The Love of My Enemy
The night I was admitted, the first person I called was my abuser. I couldn’t call my parents or other family members. They would have told me I was being a neglectful wife and I should return home. I definitely wasn’t asking my father for advice. He was the one who told my husband to beat me. He told my husband, ‘You need to beat her. She’s too independent. You’re the man. Beating her will show her who’s in charge.’ Sounds like love, right?

I called my husband and told him I was in the hospital. At first, he sounded frightened and I understood why. He probably thought I went to the ER and the medical staff may have documented his abuse.

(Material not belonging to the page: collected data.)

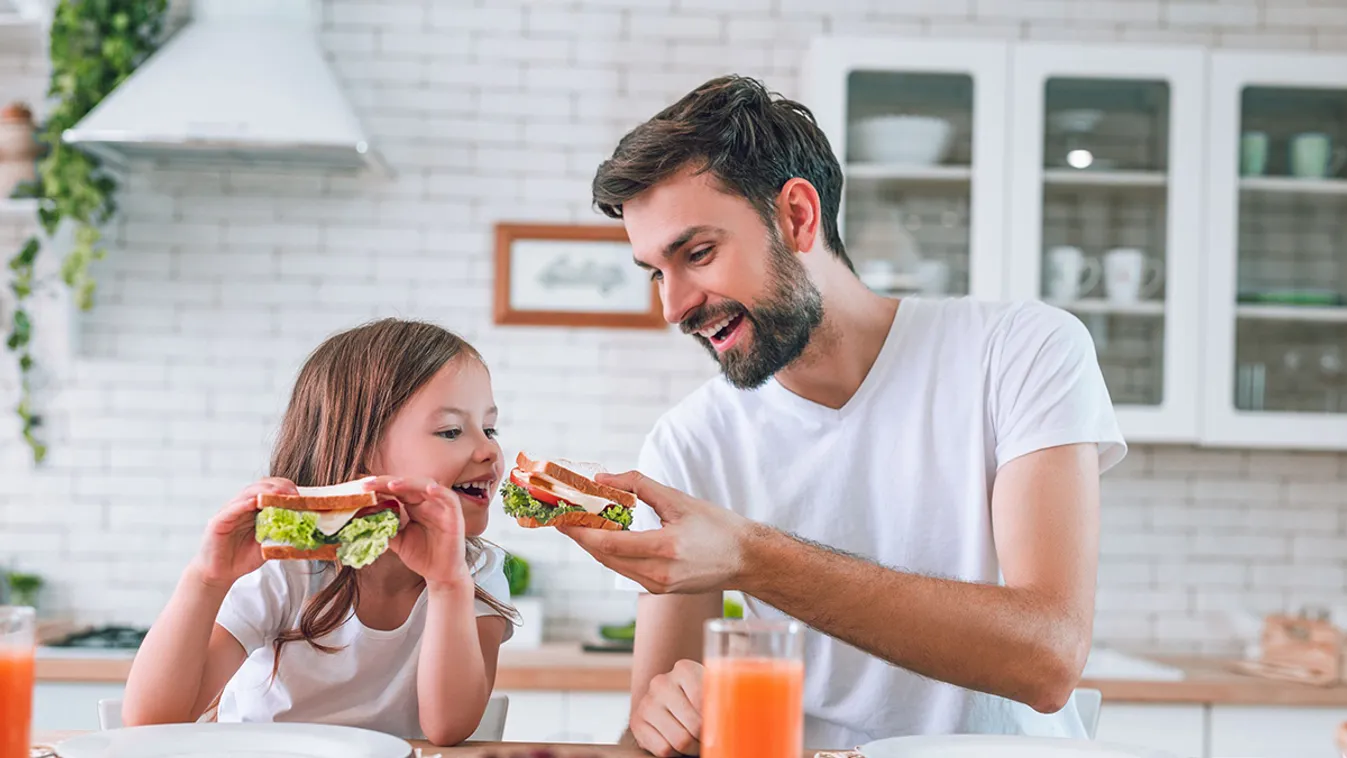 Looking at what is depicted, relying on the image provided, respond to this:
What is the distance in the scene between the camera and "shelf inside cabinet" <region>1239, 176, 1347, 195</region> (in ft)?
11.2

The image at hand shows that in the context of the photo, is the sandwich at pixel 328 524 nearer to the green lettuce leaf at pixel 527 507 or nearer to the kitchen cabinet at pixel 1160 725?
the green lettuce leaf at pixel 527 507

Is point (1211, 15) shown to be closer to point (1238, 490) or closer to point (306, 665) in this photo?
point (1238, 490)

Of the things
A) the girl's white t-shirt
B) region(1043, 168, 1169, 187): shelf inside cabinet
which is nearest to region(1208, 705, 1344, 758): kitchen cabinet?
region(1043, 168, 1169, 187): shelf inside cabinet

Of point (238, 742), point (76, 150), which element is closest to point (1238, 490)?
point (238, 742)

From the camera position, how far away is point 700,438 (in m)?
2.08

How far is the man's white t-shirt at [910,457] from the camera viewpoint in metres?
1.90

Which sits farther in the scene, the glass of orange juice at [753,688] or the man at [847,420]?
the man at [847,420]

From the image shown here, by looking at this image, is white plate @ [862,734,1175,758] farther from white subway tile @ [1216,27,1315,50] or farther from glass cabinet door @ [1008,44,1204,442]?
white subway tile @ [1216,27,1315,50]

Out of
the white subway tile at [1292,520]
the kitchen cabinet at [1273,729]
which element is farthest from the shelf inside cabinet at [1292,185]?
the kitchen cabinet at [1273,729]

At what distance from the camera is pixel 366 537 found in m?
1.51

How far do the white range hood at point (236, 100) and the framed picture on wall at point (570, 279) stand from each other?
441 millimetres

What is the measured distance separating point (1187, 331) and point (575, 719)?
71.9 inches

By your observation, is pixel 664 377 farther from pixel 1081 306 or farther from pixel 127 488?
pixel 127 488

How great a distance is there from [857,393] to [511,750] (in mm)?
836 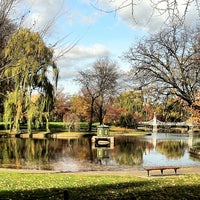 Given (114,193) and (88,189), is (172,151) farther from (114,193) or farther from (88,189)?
(114,193)

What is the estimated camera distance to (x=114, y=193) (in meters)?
10.2

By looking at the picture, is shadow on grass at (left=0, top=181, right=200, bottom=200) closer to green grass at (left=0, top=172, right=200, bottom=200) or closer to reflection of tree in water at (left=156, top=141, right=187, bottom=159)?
green grass at (left=0, top=172, right=200, bottom=200)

Lucky for him, I tried that many times before and nothing happened. Hence, why here I’m on the fifth floor. My only escape plan was my great escape from him.

“Why are you in the crazy ward?”

“You know why.”

“No, I don’t know why. If I did I wouldn’t ask.”

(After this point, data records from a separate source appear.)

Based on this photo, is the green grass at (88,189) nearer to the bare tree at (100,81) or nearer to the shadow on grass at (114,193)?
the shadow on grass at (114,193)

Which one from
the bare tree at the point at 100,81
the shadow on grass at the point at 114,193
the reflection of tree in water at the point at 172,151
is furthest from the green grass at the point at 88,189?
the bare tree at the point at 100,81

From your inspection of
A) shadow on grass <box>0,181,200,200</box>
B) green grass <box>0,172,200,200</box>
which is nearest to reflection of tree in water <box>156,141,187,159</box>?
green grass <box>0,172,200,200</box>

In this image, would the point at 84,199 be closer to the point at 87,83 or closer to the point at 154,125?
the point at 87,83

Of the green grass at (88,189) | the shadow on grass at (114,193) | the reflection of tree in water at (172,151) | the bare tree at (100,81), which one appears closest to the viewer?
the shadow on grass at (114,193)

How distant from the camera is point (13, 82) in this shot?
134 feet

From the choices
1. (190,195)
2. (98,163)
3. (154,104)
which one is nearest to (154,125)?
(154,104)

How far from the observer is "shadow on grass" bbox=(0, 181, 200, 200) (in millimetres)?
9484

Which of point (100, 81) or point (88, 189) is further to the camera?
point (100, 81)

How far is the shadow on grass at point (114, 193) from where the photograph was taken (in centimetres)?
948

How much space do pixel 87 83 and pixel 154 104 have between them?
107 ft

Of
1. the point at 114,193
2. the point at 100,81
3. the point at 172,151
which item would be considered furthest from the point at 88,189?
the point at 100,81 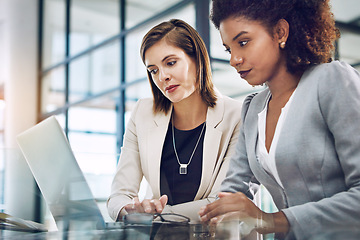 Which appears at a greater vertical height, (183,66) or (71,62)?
(71,62)

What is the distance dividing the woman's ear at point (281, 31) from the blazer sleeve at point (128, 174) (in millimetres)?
755

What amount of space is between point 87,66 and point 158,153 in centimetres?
449

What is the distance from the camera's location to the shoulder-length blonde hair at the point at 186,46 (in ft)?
4.86

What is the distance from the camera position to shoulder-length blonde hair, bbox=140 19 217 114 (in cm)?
148

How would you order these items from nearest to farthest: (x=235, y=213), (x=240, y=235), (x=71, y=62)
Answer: (x=240, y=235)
(x=235, y=213)
(x=71, y=62)

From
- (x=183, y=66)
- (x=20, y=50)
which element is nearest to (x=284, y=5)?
(x=183, y=66)

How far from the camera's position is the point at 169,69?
4.74 ft

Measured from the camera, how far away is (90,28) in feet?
18.5

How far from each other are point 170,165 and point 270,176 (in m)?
0.52

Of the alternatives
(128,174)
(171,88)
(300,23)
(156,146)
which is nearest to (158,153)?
(156,146)

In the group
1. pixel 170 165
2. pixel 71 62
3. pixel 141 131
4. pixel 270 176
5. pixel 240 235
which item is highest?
pixel 71 62

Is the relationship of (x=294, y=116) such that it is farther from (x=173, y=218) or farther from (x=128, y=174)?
(x=128, y=174)

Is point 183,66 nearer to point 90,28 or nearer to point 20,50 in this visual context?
point 90,28

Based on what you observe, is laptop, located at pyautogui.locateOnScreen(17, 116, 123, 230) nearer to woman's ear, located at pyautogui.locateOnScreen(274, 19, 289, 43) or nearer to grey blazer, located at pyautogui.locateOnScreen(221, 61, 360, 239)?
grey blazer, located at pyautogui.locateOnScreen(221, 61, 360, 239) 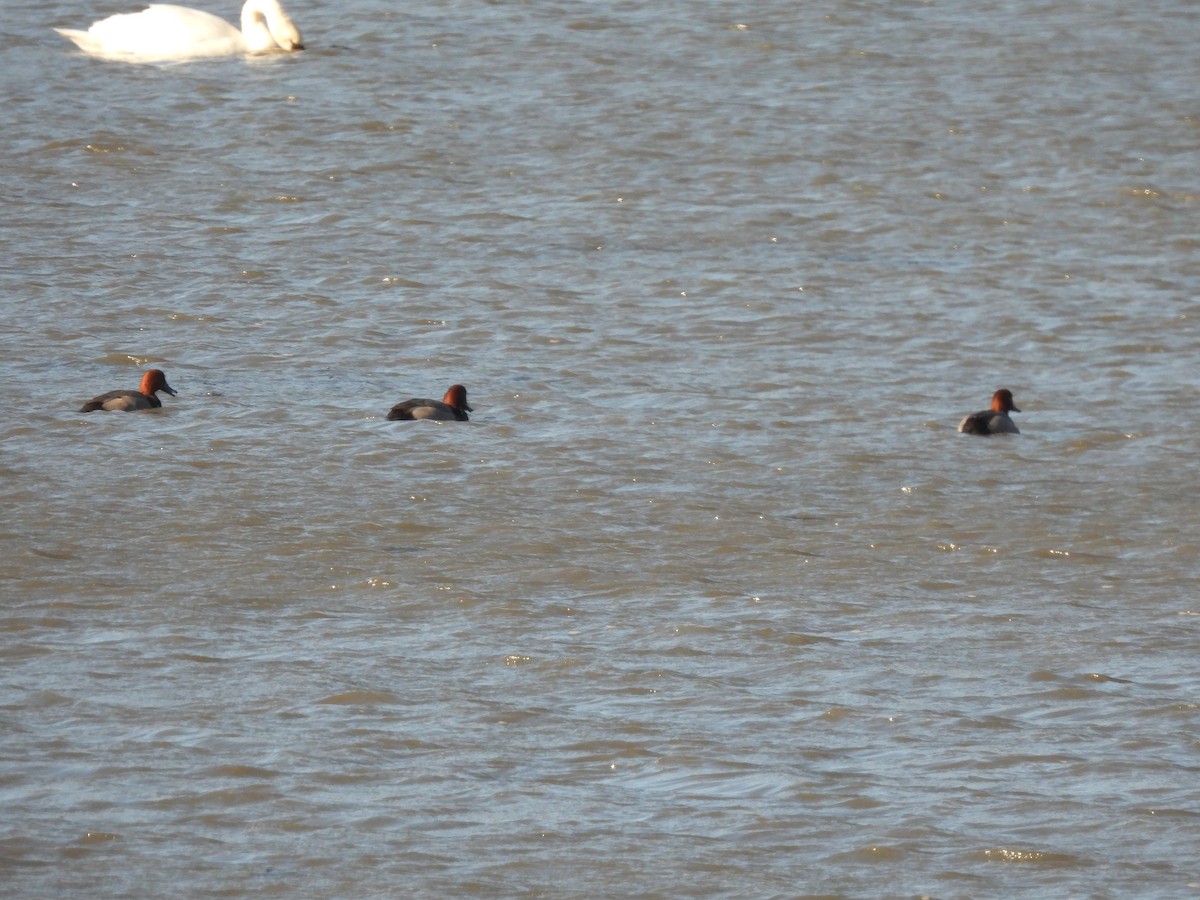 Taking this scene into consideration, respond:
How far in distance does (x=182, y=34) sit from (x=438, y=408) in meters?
8.57

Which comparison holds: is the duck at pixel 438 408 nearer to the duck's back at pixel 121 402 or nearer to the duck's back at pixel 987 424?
the duck's back at pixel 121 402

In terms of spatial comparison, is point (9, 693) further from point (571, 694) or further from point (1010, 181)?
point (1010, 181)

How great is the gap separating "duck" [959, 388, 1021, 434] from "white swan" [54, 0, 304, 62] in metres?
9.25

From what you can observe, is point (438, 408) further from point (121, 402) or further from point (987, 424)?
point (987, 424)

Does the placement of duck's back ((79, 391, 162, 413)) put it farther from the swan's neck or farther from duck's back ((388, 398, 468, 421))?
the swan's neck

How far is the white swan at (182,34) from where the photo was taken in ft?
57.1

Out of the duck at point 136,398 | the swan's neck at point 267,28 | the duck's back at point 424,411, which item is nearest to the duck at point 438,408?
the duck's back at point 424,411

“You stomped, raped and sodomized me. I couldn’t take it anymore.”

“Did you say anything to anyone?”

“No, I didn’t. I’m too embarrassed.”

“Well, don’t. I’ll be there within the hour.”

Click.

Standing here looking at the black, shiny receiver of the payphone, I don’t know whether I should hang up or bang it into the gray, concrete wall. If I did the latter, the nurses would have to restrain me just as they restrained Scott (that’s another story I’ll share later). I’ll pass on that behavior for now. I have to stay calm. I need to be alert when my husband arrives. I want him to witness what he has done to me. Maybe this time he will acknowledge he has an anger problem. I hope he will get some help. For some strange reason, I still love him. Isn’t that how it usually happens for abused women? I don’t know. It just doesn’t make much sense for me to love a man who beats me and despises me and his unborn child.

Rules of Engagement
Only spouses, immediate family members and authorized  military personnel can visit. I’m very nervous because my husband will arrive soon and I don’t know how I will react. I must remain calm and not show hostility. If I fail, they would remand me to the fifth floor for as long as the psychiatrist deems it necessary and that I’m no longer a danger to myself and unborn child.

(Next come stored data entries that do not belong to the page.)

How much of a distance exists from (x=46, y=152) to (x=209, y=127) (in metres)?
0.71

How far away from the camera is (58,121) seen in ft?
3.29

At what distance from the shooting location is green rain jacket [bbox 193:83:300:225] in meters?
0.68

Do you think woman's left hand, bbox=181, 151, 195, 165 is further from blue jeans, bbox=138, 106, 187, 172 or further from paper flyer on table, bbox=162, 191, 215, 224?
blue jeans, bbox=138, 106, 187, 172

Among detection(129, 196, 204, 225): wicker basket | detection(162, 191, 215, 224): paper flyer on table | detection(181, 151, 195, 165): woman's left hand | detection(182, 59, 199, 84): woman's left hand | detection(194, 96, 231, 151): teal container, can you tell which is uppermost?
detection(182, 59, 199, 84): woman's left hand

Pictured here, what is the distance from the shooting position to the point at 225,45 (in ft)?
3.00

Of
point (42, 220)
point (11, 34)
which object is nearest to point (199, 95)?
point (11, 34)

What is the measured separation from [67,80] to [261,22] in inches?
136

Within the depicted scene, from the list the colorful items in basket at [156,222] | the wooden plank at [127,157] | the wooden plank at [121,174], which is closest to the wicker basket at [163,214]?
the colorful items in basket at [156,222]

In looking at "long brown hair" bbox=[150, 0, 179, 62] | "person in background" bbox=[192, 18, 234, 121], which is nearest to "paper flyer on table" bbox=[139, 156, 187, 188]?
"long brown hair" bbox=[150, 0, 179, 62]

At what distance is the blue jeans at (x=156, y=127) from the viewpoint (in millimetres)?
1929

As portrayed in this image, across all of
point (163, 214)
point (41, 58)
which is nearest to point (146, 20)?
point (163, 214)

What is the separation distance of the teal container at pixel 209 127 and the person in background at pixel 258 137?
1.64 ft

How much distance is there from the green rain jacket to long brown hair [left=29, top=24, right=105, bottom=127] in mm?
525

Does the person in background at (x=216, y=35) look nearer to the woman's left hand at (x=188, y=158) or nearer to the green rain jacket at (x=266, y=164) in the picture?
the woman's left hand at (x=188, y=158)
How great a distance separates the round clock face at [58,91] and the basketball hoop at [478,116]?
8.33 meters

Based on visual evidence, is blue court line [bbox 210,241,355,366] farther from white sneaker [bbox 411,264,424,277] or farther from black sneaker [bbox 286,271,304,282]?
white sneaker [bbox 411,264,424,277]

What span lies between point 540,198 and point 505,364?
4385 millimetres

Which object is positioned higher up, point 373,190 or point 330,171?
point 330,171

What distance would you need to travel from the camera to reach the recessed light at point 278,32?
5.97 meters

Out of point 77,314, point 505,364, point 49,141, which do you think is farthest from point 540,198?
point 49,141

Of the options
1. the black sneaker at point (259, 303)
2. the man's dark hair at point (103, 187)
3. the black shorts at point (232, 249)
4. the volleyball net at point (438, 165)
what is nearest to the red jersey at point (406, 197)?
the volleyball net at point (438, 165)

I’m being watched very closely. My psychiatrist told me she believed I was a threat to my unborn child and myself. If I refused to participate fully with recommended treatments, she would ‘strongly suggest’ having my unborn baby taken from me, most likely given to my abusive husband. She also stated that I would immediately be removed from active duty and given an other-than-honorable discharge.

I show no emotion. However, I’m breaking inside. I’m silently screaming for mercy. I’m begging for grace. I won’t allow that to happen. I want to stay in the Navy. My children depend on my survival.